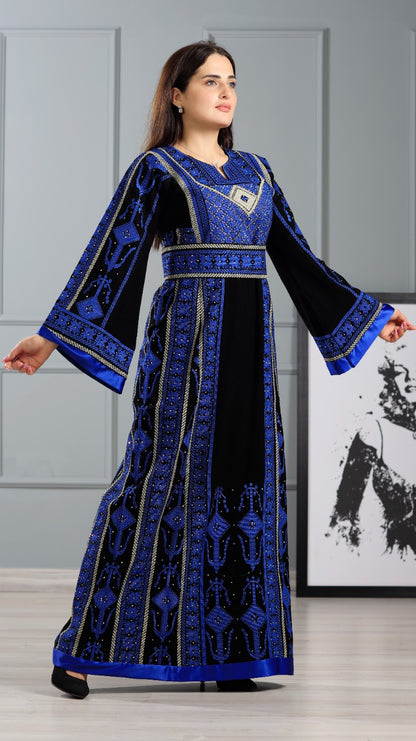 Indigo embroidery dress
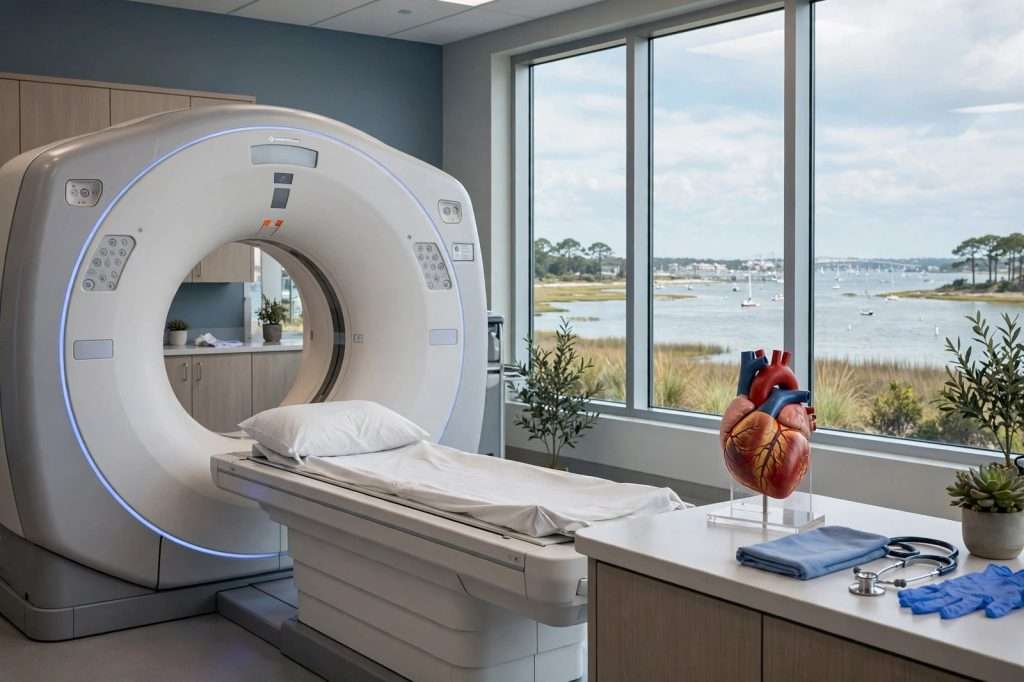 Modern CT scanner with patient table in a bright, clean hospital imaging room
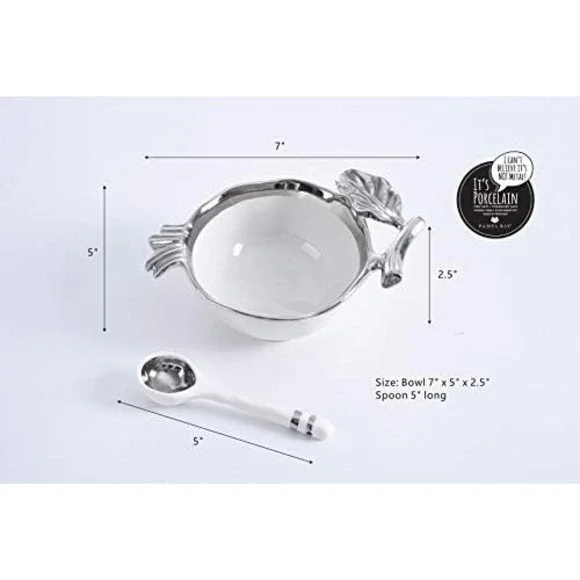 Pampa Bay Silver Pomegranate Bowl‎ and Spoon Set Titanium Finish- Beautiful NEW - Picture 8 of 8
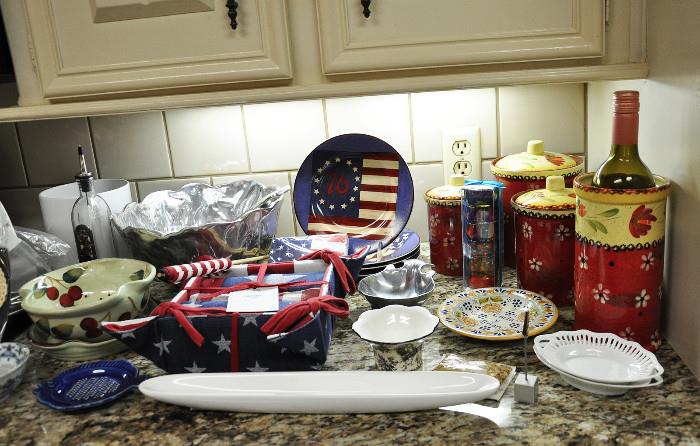 Large polished aluminum salad bowl, cheery canister and wine cooler, patriotic items, etc.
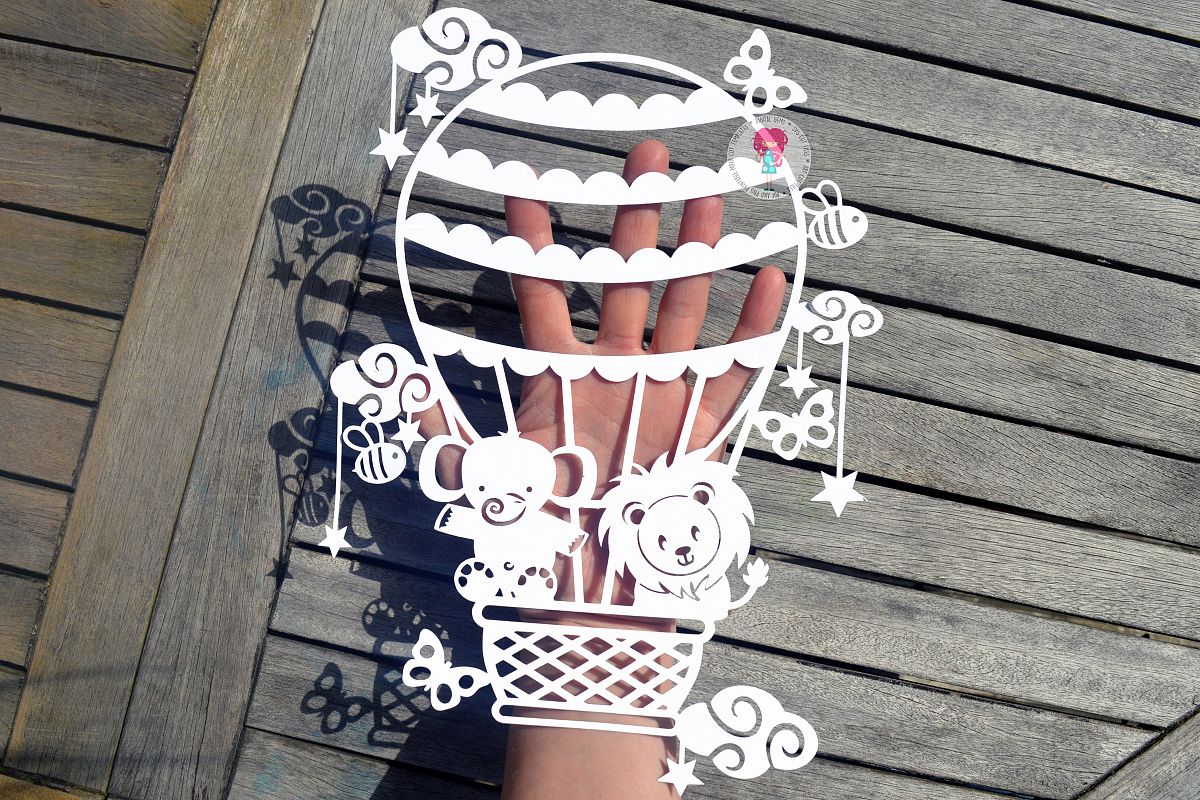 Hot Air Balloon SVG / DXF / EPS files example image 1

___

--- To do ---
Exactly reproduce the lines beginning at the one that contains "Modern CT scanner" and ending at the final line of the material, with the pictures left out.

--- Task answer ---
 Modern CT scanner with patient table in a bright, clean hospital imaging room
 Pampa Bay Silver Pomegranate Bowl‎ and Spoon Set Titanium Finish- Beautiful NEW - Picture 8 of 8
 Large polished aluminum salad bowl, cheery canister and wine cooler, patriotic items, etc.
 Hot Air Balloon SVG / DXF / EPS files example image 1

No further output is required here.